原発建設で政府間協定を締結
3月23日、ロシアを公式訪問中のベトナムのファン・ミン・チン首相は、ミハイル・ミシュスチン首相との会談後、ベトナム国内における原子力発電所建設に関する政府間協定の署名式に立ち会った。
この協定は、原子力エネルギー分野における両国協力の重要な節目と位置付けられている。
包括的な戦略的パートナー関係を強化
ミシュスチン首相は、ベトナムとの包括的な戦略的パートナー関係を重視していると強調し、アジア太平洋地域における最重要パートナーの一つと位置付けた。
一方、チン首相も、ベトナムは独立・自主路線を維持しつつ、ロシアを欧州における信頼できる重要パートナーと見なしていると述べた。
両首脳は、これまでの協力成果を確認し、政治的信頼関係が着実に強化されていると評価した。
エネルギー分野を中核に協力拡大
両国は、経済・貿易・投資分野の協力を今後の柱とし、ユーラシア経済連合との自由貿易協定を活用した市場開放と投資促進を進めることで一致した。
特にエネルギー・石油ガス分野は、両国の伝統的な協力分野であり、象徴的な存在とされている。既存プロジェクトの推進に加え、戦略的協力の一層の強化を確認した。
原子力は新たな象徴的プロジェクトに
今回署名された原発建設協定について、両首脳は平和利用を目的とした原子力協力の重要な前進であると評価した。
また、このプロジェクトは、今後のベトナム・ロシア関係における新たな象徴的事業になるとの認識を示した。
再生可能エネルギーでも連携
両国は、原子力に加え、再生可能エネルギーやクリーンエネルギー分野での協力拡大についても検討を進めることで合意した。

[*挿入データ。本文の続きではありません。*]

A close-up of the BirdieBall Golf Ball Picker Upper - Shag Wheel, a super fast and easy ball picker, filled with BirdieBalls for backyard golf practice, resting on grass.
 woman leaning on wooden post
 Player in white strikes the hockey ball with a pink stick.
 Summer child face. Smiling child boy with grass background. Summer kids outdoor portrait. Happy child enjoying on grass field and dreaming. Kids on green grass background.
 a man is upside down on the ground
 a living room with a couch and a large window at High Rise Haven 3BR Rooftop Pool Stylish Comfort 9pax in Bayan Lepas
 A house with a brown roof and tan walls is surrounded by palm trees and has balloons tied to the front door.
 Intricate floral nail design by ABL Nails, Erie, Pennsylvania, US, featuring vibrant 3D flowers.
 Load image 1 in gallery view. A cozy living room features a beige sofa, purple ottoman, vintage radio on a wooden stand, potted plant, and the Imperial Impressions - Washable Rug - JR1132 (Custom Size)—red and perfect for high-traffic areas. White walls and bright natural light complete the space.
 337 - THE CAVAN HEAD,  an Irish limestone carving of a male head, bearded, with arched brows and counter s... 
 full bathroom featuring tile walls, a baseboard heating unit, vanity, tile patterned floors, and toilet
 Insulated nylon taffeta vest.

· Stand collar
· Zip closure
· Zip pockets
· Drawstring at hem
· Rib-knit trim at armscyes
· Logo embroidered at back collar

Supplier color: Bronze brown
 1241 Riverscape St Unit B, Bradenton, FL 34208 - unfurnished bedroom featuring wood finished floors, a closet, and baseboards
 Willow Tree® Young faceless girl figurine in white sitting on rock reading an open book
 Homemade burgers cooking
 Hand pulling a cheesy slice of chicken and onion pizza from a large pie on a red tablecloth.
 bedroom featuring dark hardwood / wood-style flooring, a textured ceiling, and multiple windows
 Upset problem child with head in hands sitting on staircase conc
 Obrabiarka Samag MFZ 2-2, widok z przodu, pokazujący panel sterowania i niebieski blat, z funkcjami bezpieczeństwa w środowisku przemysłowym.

これは、グリーン・トランスフォーメーション(GX)や持続可能な発展への対応を目的とするものである。
科学技術・都市インフラでも協力
科学技術分野については、新たな協力の柱と位置付けられた。
チン首相は、ロシアに対し、都市鉄道(地下鉄)の設計や技術移転などへの参加を呼びかけた。
観光・教育・人材交流も強化
ミシュスチン首相は、ベトナムがロシア人にとって人気の観光地となっていると述べ、観光促進や文化交流の拡大に期待を示した。
また、両国は言語教育や文化イベントの強化でも一致した。
チン首相は、旧ソ連およびロシアがこれまで多数のベトナム人専門人材を育成してきたことに謝意を示し、今後もデジタル技術や医療、基礎科学などの分野で人材育成支援の継続を求めた。
在留国民の保護も確認
両国はそれぞれの在留国民に対する安全確保と生活環境の整備についても協力を確認した。
総括
今回の原発建設協力の合意は、エネルギー安全保障の強化に加え、ベトナムとロシアの関係を一段と深化させる契機となるものである。
※本記事は、各ニュースソースを参考に独自に編集・作成しています。